We know that bigger is better when it comes to sample size, and various models, including Football Outsiders’ QBASE – developed by now Browns’ senior strategist for player personnel Andrew Healy – have shown that quarterbacks with longer college careers are more likely to be successful in the NFL. But is there a way we can truly peel apart the analysis and see the nuts and bolts of why this is so?
I wasn’t sure the best way to do it, until I came across a post by ESPN’s Brian Burke using Bayesian inference to estimate how much Jimmy Garoppolo‘s highly-efficient but small sample of NFL attempts matter for projecting his future performance. Burke didn’t give away the secret sauce of his analysis, but after playing around with some different bayesian distributions, I believe I can replicate his thinking using Bayesian updating of the normal distribution.

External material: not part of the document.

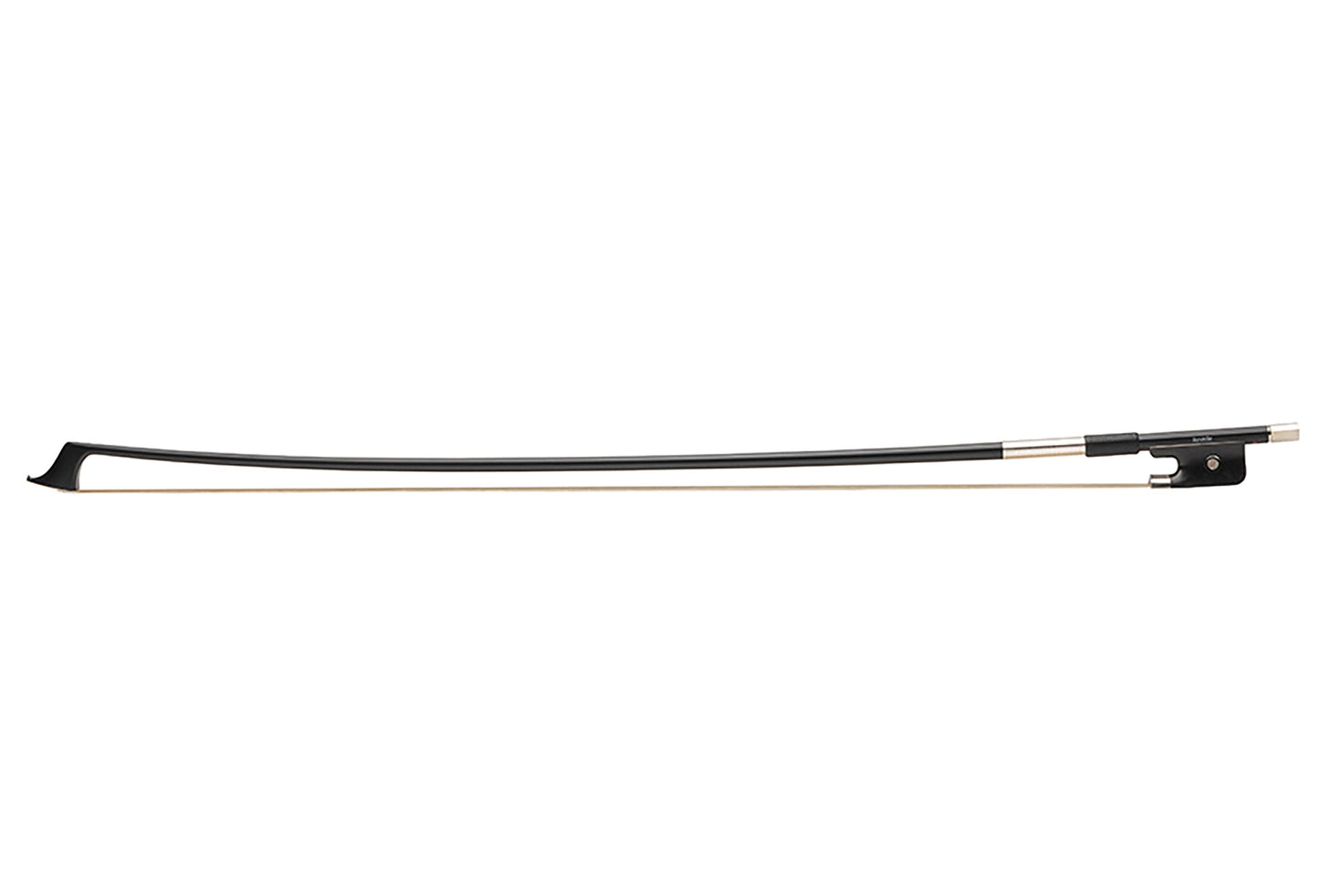 Rook Composite Cello Bow: Beginner, Matt Black, Sheep Leather Grip (Sizes: 4/4-1/2)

First, let’s go into a little background. The most common form of statistical analysis is frequentist inference, which in layman’s terms means we base our analysis and derive our insights strictly from the evidence. Where Bayesian statistics is different is that we also give weight to our beliefs before any evidence is collected. This is what we call our prior.

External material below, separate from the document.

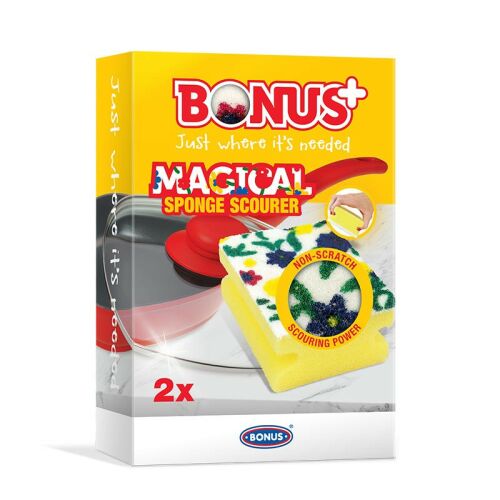 Bonus+ Magical szivacs 2db/csg 145437368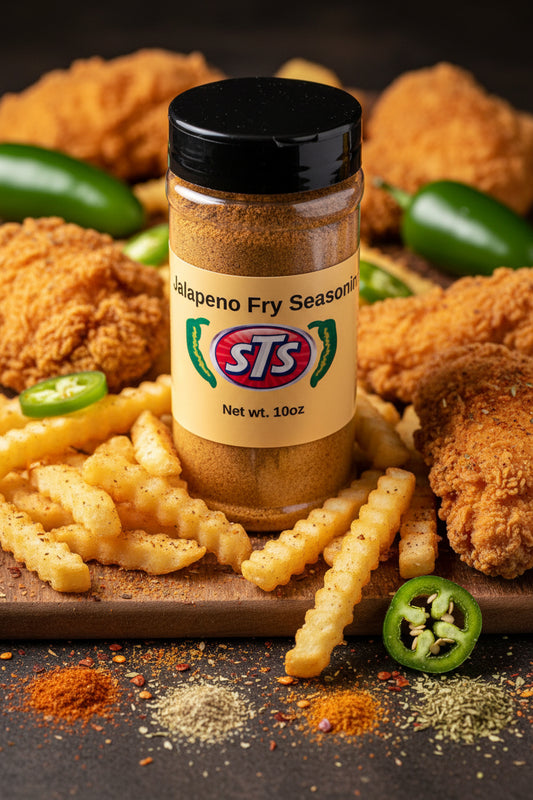 Jalapeno Fry Seasoning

You can see why this would be useful in football analysis where we’re long on domain knowledge, but often short on sample size. Using frequentist inference, we often come away from an analysis without the ability to draw a statistically significant conclusion. In Bayesian statistics, even the smallest sample can be used to update our prior, but it won’t have as much influence as a larger sample.
Watson vs. Trubisky
Let’s get out of Stats 101 and use Bayesian updating to look specifically at Watson vs. Trubisky. Both players were fairly efficient passers throughout their college careers, each averaging roughly 8.4 yards per attempt. Should we assume if they both continued their college careers they’d be roughly equivalent passers going forward?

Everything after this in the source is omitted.